EXERCISE PROMPT: Write out exactly the lines from the one containing "Продам 3х кімнатну квартиру 1 мкр-Варус" through the last line of the records below, and no others.

---*---

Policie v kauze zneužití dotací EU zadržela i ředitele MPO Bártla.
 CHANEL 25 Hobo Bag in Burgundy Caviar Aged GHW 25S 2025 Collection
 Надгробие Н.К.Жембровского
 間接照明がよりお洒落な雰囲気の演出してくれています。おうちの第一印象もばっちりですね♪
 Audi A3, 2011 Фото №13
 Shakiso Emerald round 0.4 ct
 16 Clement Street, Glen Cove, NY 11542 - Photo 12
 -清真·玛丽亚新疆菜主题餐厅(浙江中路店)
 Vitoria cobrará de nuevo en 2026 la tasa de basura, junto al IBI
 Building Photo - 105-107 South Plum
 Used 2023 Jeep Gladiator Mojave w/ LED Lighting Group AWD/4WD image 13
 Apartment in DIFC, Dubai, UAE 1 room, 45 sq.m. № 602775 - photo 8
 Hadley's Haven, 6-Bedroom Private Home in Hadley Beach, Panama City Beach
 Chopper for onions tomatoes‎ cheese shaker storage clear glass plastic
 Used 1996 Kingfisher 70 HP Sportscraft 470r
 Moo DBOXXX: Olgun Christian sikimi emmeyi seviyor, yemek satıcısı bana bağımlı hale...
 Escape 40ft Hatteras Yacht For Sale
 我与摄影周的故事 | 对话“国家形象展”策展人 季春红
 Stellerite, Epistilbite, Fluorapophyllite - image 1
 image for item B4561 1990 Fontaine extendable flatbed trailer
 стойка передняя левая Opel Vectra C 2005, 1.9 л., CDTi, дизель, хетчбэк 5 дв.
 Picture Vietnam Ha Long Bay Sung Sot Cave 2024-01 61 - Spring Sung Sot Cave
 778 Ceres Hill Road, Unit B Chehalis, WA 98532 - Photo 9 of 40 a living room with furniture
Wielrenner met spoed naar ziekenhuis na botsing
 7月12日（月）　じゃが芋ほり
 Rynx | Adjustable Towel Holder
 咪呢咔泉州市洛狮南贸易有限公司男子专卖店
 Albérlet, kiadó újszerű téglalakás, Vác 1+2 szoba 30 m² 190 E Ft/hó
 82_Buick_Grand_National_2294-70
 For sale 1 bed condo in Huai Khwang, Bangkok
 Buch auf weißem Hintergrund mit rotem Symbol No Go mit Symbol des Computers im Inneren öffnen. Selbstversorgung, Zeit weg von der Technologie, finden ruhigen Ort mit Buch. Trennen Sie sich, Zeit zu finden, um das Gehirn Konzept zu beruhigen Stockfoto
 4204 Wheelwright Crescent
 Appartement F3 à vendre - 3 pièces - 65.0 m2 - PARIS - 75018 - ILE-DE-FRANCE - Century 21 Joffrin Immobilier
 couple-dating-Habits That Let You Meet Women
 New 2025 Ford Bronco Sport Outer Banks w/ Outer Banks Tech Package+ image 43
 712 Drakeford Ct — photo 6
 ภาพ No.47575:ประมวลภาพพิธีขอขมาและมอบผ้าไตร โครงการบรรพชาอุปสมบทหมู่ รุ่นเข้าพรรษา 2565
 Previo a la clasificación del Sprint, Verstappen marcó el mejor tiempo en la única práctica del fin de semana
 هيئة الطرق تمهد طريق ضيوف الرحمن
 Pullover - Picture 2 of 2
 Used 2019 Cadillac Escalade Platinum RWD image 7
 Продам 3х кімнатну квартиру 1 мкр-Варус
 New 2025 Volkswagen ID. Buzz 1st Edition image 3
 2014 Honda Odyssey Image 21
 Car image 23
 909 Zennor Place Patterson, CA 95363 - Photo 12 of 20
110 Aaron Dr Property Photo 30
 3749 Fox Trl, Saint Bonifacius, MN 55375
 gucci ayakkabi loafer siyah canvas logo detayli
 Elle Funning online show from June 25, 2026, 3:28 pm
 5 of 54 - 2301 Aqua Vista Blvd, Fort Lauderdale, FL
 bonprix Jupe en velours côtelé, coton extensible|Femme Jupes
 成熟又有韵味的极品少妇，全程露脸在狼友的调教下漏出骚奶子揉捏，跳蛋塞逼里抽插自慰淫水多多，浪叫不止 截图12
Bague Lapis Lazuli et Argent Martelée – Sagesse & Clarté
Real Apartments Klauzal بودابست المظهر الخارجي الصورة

---*---

TASK ANSWER:
 Продам 3х кімнатну квартиру 1 мкр-Варус
 New 2025 Volkswagen ID. Buzz 1st Edition image 3
 2014 Honda Odyssey Image 21
 Car image 23
 909 Zennor Place Patterson, CA 95363 - Photo 12 of 20
110 Aaron Dr Property Photo 30
 3749 Fox Trl, Saint Bonifacius, MN 55375
 gucci ayakkabi loafer siyah canvas logo detayli
 Elle Funning online show from June 25, 2026, 3:28 pm
 5 of 54 - 2301 Aqua Vista Blvd, Fort Lauderdale, FL
 bonprix Jupe en velours côtelé, coton extensible|Femme Jupes
 成熟又有韵味的极品少妇，全程露脸在狼友的调教下漏出骚奶子揉捏，跳蛋塞逼里抽插自慰淫水多多，浪叫不止 截图12
Bague Lapis Lazuli et Argent Martelée – Sagesse & Clarté
Real Apartments Klauzal بودابست المظهر الخارجي الصورة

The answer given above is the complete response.